-- Source information follows --
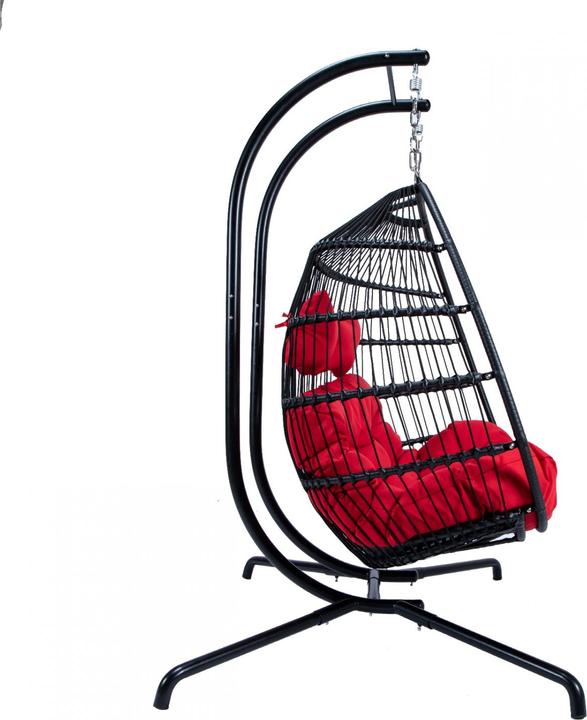 Actual product image PureHaven Hanging chair for 2 persons 130x120x200 cm rattan plastic wickerwork with cushion waterproof (250 kg)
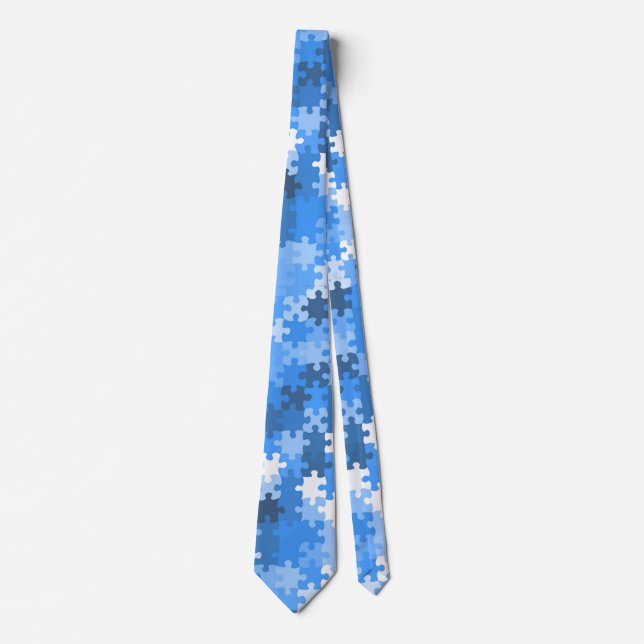 Blauer und weißer Puzzleteil Krawatte (Vorderseite)
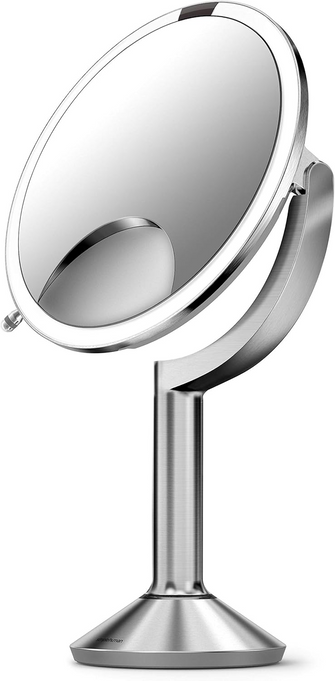 simplehuman ST3024 20cm Sensor Mirror Trio with Touch-Control Brightness, Light Up Makeup Magnifying Mirror - 1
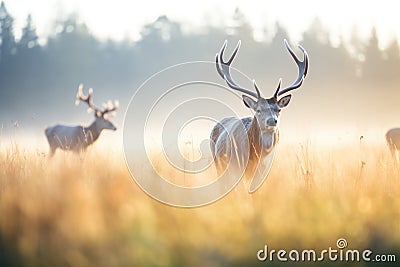 elks breath visible in a chilly meadow morning Stock Photo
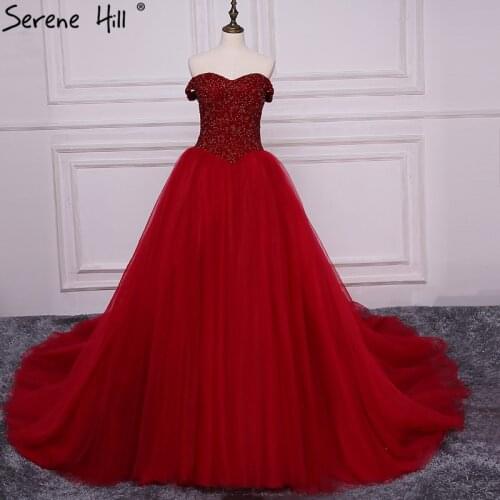 Luxury Beading Red Crystal Puffy Ball Gown Princess Wedding Dresses Gown 2021 Bridal Wedding Gown HA2169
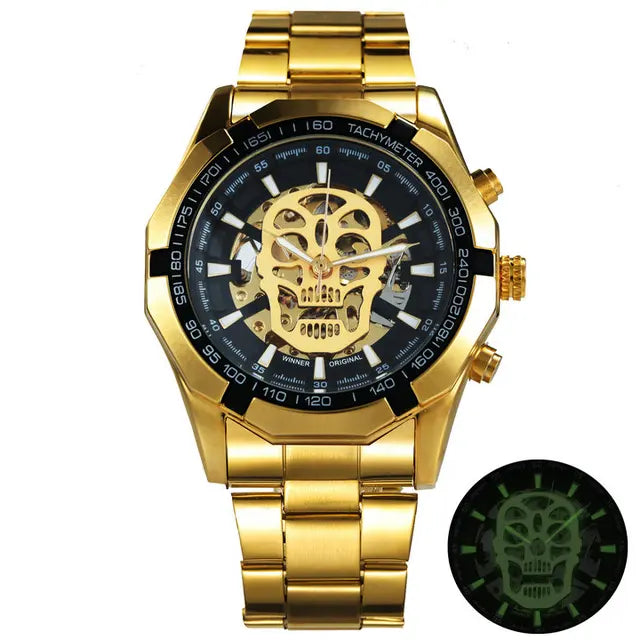 Reloj mecánico para hombre con calavera y correa de acero inoxidable dorada, reloj esqueleto para hombre 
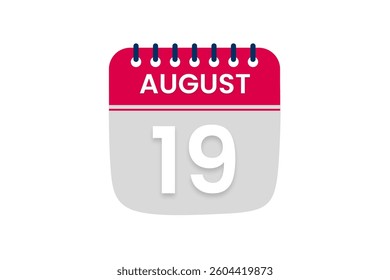 19 August month single day vector, illustration, calendar with red, off white and white color background calendar August 19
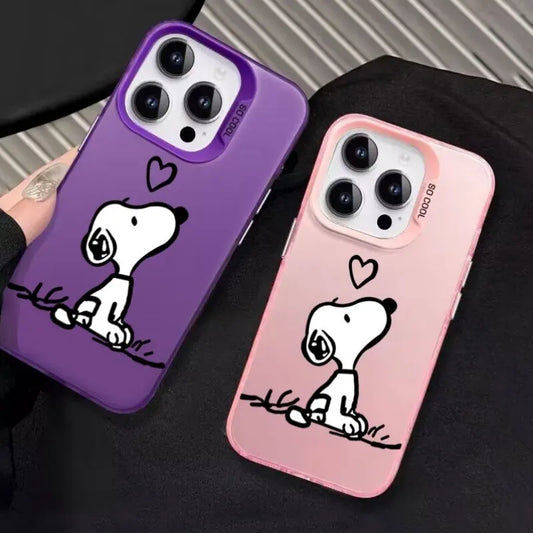 Love Heart Snoopy Phone Case For IPhone 11 12 13 14 15 16 Pro Max Plus 12 13 Mini XR X XS Max 7 8 Plus 16E Laser IMD Cover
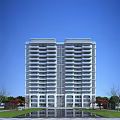 Modern High Rise Residential Building with White Exterior and Balconies Against Blue Sky and Green Trees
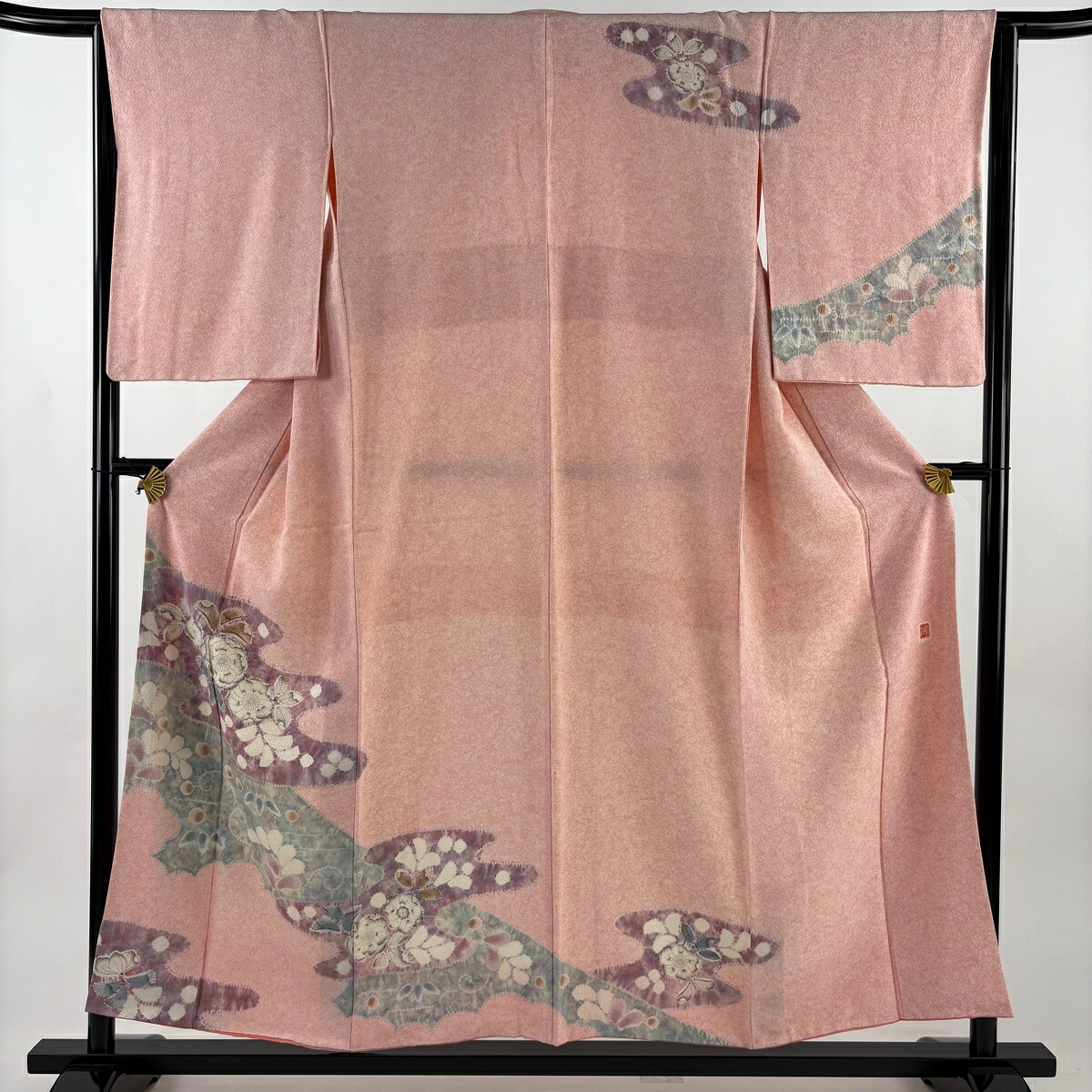 訪問着 身丈154cm 裄丈64cm M 袷 滝泰 落款あり 辻が花柄 ヱ霞 絞り ピンク 正絹 名品 【中古】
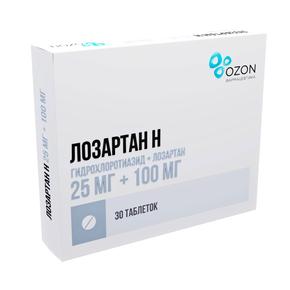 Лозартан н таб п/об/пл 25мг + 100мг №30 /озон/ (Гидрохлоротиазид  +  Лозартан)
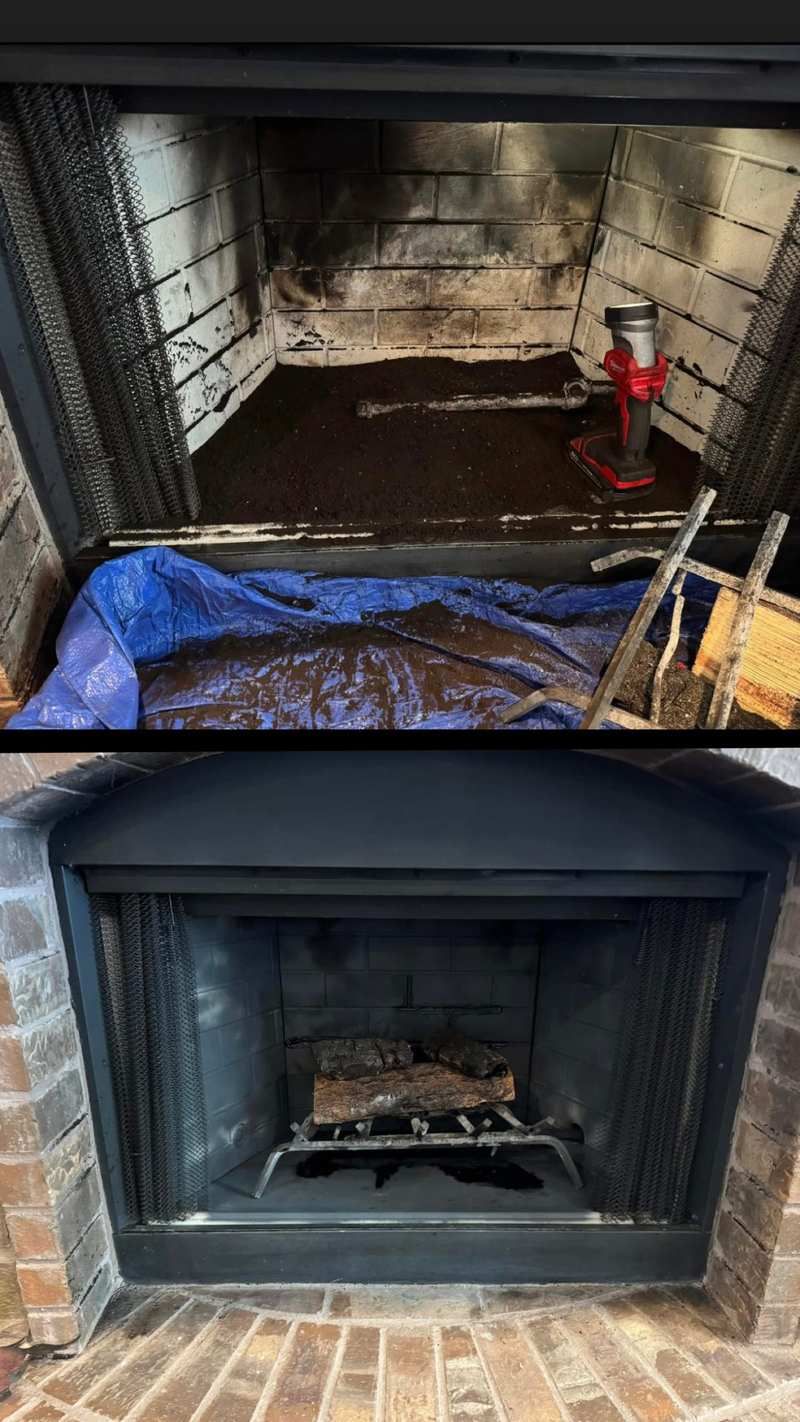 Fireplace before after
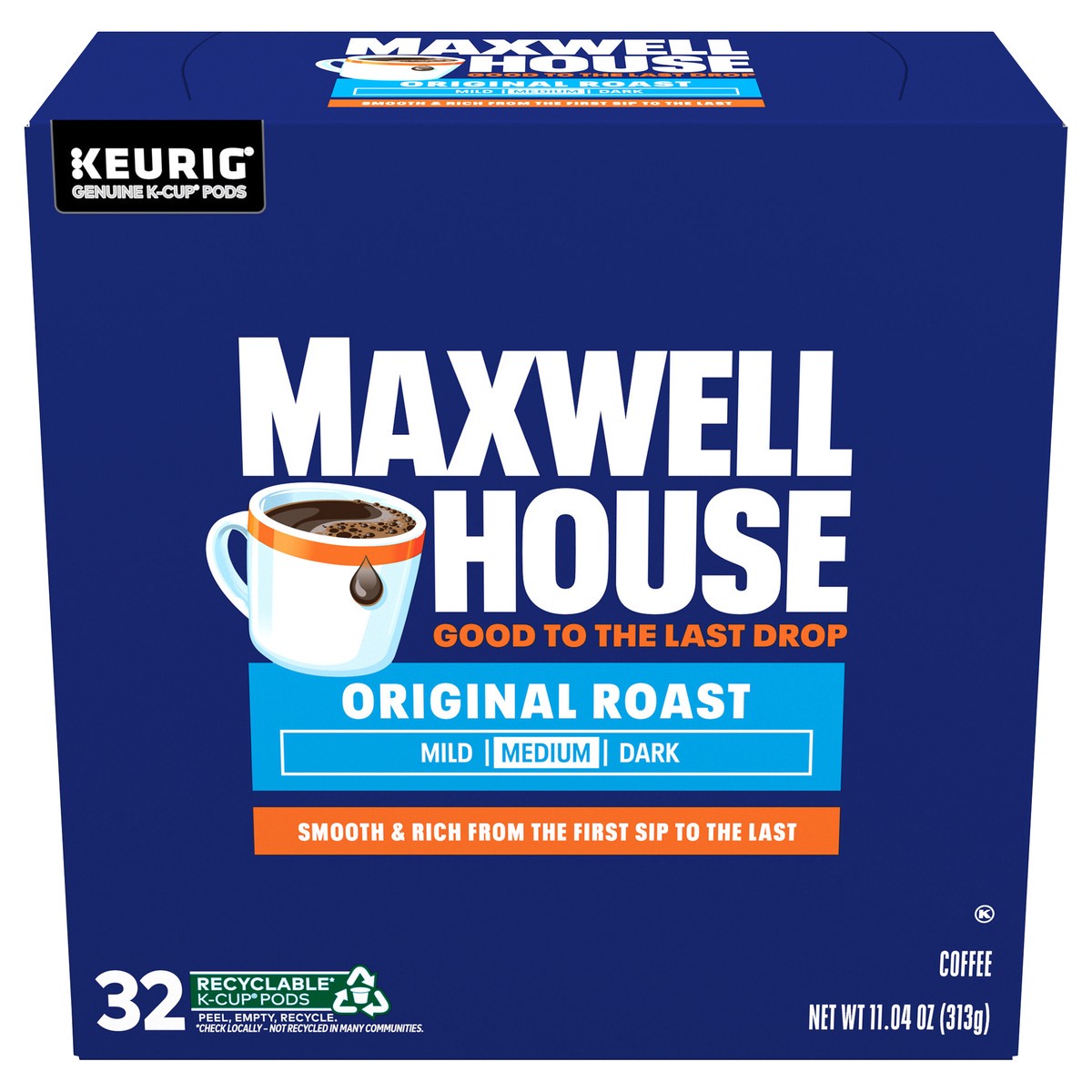 slide 1 of 4, Maxwell House Original Roast Medium Roast K-Cup Coffee Pods, 32 ct. Box, 11.04 oz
-- Source information concluded --
▶ **About this exercise**
Your answer should copy the listing word for word, with no pictures in it.

▶ **Expected answer**
 Actual product image PureHaven Hanging chair for 2 persons 130x120x200 cm rattan plastic wickerwork with cushion waterproof (250 kg)
 Blauer und weißer Puzzleteil Krawatte (Vorderseite)
 simplehuman ST3024 20cm Sensor Mirror Trio with Touch-Control Brightness, Light Up Makeup Magnifying Mirror - 1
 elks breath visible in a chilly meadow morning Stock Photo
 Luxury Beading Red Crystal Puffy Ball Gown Princess Wedding Dresses Gown 2021 Bridal Wedding Gown HA2169
 Reloj mecánico para hombre con calavera y correa de acero inoxidable dorada, reloj esqueleto para hombre 
 19 August month single day vector, illustration, calendar with red, off white and white color background calendar August 19
 Love Heart Snoopy Phone Case For IPhone 11 12 13 14 15 16 Pro Max Plus 12 13 Mini XR X XS Max 7 8 Plus 16E Laser IMD Cover
 Modern High Rise Residential Building with White Exterior and Balconies Against Blue Sky and Green Trees
 訪問着 身丈154cm 裄丈64cm M 袷 滝泰 落款あり 辻が花柄 ヱ霞 絞り ピンク 正絹 名品 【中古】
 Лозартан н таб п/об/пл 25мг + 100мг №30 /озон/ (Гидрохлоротиазид  +  Лозартан)
 Fireplace before after
 slide 1 of 4, Maxwell House Original Roast Medium Roast K-Cup Coffee Pods, 32 ct. Box, 11.04 oz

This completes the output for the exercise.